Julietta Compton, as Nell’s arch rival Lady Castlemaine, the (image, right) only other American in a largely British cast, also made quite an impact, very effectively contrasting Nell’s character with her own sophisticated, haughty persona, determined not to let anyone stand in her way towards wealth and power. She made several other silent films in Britain and France before returning to America where she successfully transferred to the talkies. Randle Ayrton also proved convincing in the other leading role, that of Charles II. A long time stalwart of the British stage he continued to work in occasional film roles until his death in 1940.

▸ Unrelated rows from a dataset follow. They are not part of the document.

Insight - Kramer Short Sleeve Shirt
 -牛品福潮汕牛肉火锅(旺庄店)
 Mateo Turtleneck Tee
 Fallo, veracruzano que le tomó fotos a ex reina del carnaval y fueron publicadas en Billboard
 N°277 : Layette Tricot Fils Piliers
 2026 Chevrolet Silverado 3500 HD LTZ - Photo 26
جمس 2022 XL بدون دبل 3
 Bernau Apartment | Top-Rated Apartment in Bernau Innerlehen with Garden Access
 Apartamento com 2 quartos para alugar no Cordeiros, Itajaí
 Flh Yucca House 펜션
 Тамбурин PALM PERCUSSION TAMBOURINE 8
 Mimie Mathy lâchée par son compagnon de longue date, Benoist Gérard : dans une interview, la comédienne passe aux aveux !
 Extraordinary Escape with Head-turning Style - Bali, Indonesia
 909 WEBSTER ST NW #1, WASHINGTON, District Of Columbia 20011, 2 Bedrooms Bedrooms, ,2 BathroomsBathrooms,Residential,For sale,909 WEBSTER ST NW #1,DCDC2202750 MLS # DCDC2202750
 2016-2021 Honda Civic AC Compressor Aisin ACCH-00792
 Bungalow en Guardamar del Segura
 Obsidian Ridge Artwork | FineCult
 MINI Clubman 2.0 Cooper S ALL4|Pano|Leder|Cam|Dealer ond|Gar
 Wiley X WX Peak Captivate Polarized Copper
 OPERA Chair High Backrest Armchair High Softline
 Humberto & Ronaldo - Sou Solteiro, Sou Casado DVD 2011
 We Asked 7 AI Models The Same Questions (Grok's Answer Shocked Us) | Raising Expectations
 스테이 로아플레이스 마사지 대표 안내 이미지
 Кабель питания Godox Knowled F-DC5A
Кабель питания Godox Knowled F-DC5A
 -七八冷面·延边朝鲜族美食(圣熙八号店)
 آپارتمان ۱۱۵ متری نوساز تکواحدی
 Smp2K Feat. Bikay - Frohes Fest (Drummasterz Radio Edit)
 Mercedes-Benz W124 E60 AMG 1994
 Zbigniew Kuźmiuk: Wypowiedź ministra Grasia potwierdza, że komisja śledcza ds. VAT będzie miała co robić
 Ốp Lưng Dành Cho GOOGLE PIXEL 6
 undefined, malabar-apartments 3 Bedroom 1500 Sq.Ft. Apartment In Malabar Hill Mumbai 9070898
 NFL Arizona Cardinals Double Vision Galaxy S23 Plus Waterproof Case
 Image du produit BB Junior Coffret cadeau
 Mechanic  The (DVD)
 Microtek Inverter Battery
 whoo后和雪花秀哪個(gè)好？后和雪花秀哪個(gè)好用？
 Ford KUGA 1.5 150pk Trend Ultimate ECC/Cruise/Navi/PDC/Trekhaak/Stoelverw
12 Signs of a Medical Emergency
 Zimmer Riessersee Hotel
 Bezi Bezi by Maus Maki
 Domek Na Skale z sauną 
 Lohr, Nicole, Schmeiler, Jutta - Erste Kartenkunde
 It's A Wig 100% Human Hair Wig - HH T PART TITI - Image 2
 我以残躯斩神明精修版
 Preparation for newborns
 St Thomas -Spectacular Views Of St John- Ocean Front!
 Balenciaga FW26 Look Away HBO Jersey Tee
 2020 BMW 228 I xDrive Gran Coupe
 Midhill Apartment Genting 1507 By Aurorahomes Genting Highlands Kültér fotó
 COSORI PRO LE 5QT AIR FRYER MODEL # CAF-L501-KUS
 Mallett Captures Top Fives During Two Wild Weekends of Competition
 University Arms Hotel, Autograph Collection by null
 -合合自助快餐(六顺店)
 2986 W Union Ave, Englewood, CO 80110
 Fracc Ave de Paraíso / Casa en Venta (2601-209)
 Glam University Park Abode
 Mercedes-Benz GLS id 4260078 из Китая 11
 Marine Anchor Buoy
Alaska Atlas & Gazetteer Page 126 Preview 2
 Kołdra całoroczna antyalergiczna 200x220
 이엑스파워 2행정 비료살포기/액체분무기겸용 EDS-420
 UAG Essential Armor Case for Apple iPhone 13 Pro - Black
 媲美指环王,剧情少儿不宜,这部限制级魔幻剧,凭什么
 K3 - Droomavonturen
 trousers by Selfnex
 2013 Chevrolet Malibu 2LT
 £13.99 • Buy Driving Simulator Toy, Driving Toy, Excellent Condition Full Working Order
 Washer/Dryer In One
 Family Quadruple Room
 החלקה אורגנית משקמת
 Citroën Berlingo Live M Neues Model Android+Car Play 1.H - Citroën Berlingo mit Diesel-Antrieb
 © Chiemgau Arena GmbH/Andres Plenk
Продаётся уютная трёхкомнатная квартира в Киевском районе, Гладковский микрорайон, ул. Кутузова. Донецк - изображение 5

Making Nell Gwyn was the brainchild of British producer and director Herbert Wilcox. Based upon the novel ‘Mistress Nell Gwyn’ by Marjorie Bowen, Wilcox saw the film as a vehicle by which British films could break into the American market. Producer Michael Balcon had had some earlier success, particularly with Woman To Woman (1923) starring American Betty Compson and Wilcox saw this as the way forward. He engaged Dorothy Gish in a three film contract at the then unheard of salary (in the British film industry at least) of £1,000 per week. Nell Gwyn was the first of these three films and it certainly justified Wilcox’s aspirations and Dorothy’s salary. Not only was the film a success in Britain, but it received a wide distribution in the United States and was critically well received. The New York Times reported “Whatever may be the shortcomings of English motion picture producers. If they can put together other pictures as simply and with as much dramatic effect as this story of Nell Gwyn they should have no difficulty obtaining a showing for them anywhere.” If the takings at one top-notch Los Angeles cinema, The Million Dollar Theatre, was anything to go by it did very good business indeed, taking $15,000 on its first day, a very respectable performance compared to The Gold Rush ($17,500) and Son of the Sheik ($31,000). However, Gish’s two subsequent films for Wilcox, London (1926) and Madame Pompadour (1927) fared much less well, both critically and commercially, in both Britain and the United States.
Herbert Wilcox went on to remake Nell Gwyn in 1934 starring his wife Anna Neagle. This film was also particularly successful in the United States although it did fall foul of the moralists of the Motion Picture Production Code who forced the reshooting of some scenes to hide Neagle’s plunging neck-line and changed the ending to one of Nell dying so as not to be seen to have prospered through her ‘dissolute’ lifestyle. If the Code had been in existence in 1926, heaven knows what they would have made of Dorothy Gish’s Nell with her naked bathtub scene, undressed in bed and in competition with Lady Castlemaine for the lowest of low cut dresses. Scandalous!
Nell Gwyn is available on DVD (Grapevine) . It can also be watched on line although without sound and with very poor quality visuals.
Finally a word about the live music and full marks to Meg Morley who provided all of this evening’s piano accompaniment in a marathon effort, superbly matching her playing with the comedy, drama and thrills of the night’s programme.